Conversione A/D

In linea di principio, una trasmissione può avvenire con due modalità differenti:

1. trasmissione di segnale analogico

2. trasmissione di segnale digitale

La differenza fondamentale fra un segnale analogico e uno digitale è che:

• il primo può variare gradualmente in un intervallo costituito da un numero infinito di possibili valori;

• il secondo può variare solamente passando bruscamente da uno all'altro di un insieme molto piccolo di valori.

Per rappresentare numericamente un segnale continuo nel tempo e nelle ampiezze è necessario:

Campionare

Per rappresentare in forma numerica il segnale tempo-continuo x(t) si esegue anzitutto il campionamento di x(t) a intervalli T. L’intervallo di campionamento e’ scelto in modo da rispettare la condizione di Nyquist, per consentire la ricostruzione del segnale tempo-continuo x(t) a partire dai campioni x(nT).

Quantizzare

Ciascun campione x[n]=x(nT) e’ un numero reale che puo’ assumere con continuita’ qualsiasi valore compreso in un certo intervallo di ampiezze [Vmin ,Vmax]. Per rappresentare il segnale in forma numerica si approssima il numero reale continuo x[n] con un numero finito (M) di livelli compresi nell’intervallo di ampiezze.

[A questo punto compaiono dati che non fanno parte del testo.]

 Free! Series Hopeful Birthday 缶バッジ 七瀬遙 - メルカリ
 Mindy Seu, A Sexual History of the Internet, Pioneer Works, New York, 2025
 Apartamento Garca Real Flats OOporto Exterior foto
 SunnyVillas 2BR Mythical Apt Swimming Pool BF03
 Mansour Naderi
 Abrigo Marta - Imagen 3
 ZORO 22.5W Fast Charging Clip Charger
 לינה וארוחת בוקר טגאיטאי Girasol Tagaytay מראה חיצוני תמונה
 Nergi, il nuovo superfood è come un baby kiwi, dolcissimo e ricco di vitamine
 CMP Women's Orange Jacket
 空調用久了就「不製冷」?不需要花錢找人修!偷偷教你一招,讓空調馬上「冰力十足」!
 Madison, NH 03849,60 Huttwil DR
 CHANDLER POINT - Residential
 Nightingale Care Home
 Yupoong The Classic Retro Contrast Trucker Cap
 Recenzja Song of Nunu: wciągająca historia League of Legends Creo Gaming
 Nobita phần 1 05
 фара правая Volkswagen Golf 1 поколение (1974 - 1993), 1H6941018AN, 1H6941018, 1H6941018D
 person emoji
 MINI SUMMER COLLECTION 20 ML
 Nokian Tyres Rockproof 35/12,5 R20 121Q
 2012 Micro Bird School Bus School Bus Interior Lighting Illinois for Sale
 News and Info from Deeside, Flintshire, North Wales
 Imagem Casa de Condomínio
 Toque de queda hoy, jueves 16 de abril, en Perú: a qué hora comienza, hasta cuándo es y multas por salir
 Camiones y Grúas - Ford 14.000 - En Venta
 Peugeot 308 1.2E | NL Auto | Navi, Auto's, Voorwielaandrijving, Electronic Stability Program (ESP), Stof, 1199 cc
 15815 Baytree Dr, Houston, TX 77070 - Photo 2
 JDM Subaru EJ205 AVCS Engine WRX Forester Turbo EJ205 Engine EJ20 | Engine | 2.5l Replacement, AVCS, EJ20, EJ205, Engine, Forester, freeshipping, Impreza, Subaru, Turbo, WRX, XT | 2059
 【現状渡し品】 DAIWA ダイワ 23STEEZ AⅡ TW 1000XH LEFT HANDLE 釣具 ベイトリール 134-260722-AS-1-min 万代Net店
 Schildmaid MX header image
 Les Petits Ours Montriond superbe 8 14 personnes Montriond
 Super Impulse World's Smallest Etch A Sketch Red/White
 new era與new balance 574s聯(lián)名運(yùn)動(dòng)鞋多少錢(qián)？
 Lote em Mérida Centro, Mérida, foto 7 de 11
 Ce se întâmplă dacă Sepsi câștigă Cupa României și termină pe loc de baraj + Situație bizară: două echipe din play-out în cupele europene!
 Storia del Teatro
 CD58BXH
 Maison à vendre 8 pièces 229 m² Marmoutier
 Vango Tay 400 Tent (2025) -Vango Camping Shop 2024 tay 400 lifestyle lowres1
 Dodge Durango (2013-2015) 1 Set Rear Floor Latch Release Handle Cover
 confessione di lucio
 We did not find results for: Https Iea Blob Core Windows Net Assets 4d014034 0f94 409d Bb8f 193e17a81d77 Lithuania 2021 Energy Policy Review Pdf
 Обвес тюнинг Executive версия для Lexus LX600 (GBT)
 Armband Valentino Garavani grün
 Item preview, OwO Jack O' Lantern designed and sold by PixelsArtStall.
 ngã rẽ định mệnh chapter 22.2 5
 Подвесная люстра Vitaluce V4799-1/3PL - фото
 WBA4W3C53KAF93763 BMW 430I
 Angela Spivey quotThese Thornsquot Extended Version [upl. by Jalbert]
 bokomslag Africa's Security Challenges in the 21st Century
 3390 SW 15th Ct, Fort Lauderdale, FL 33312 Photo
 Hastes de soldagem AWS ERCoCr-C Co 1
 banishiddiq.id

Questa operazione e’ detta QUANTIZZAZIONE

Codificare

I livelli di quantizzazione di un segnale numerico vengono normalmente rappresentati in forma binaria (codifica binaria). Con K cifre binarie (bit) si possono rappresentare M = 2^K livelli di quantizzazione. Ad ogni livello si associa un codice di K bit.

Ad esempio, se K = 3, otteniamo M = 8 livelli di quantizzazione codificabili (in vario modo) con 3 bit.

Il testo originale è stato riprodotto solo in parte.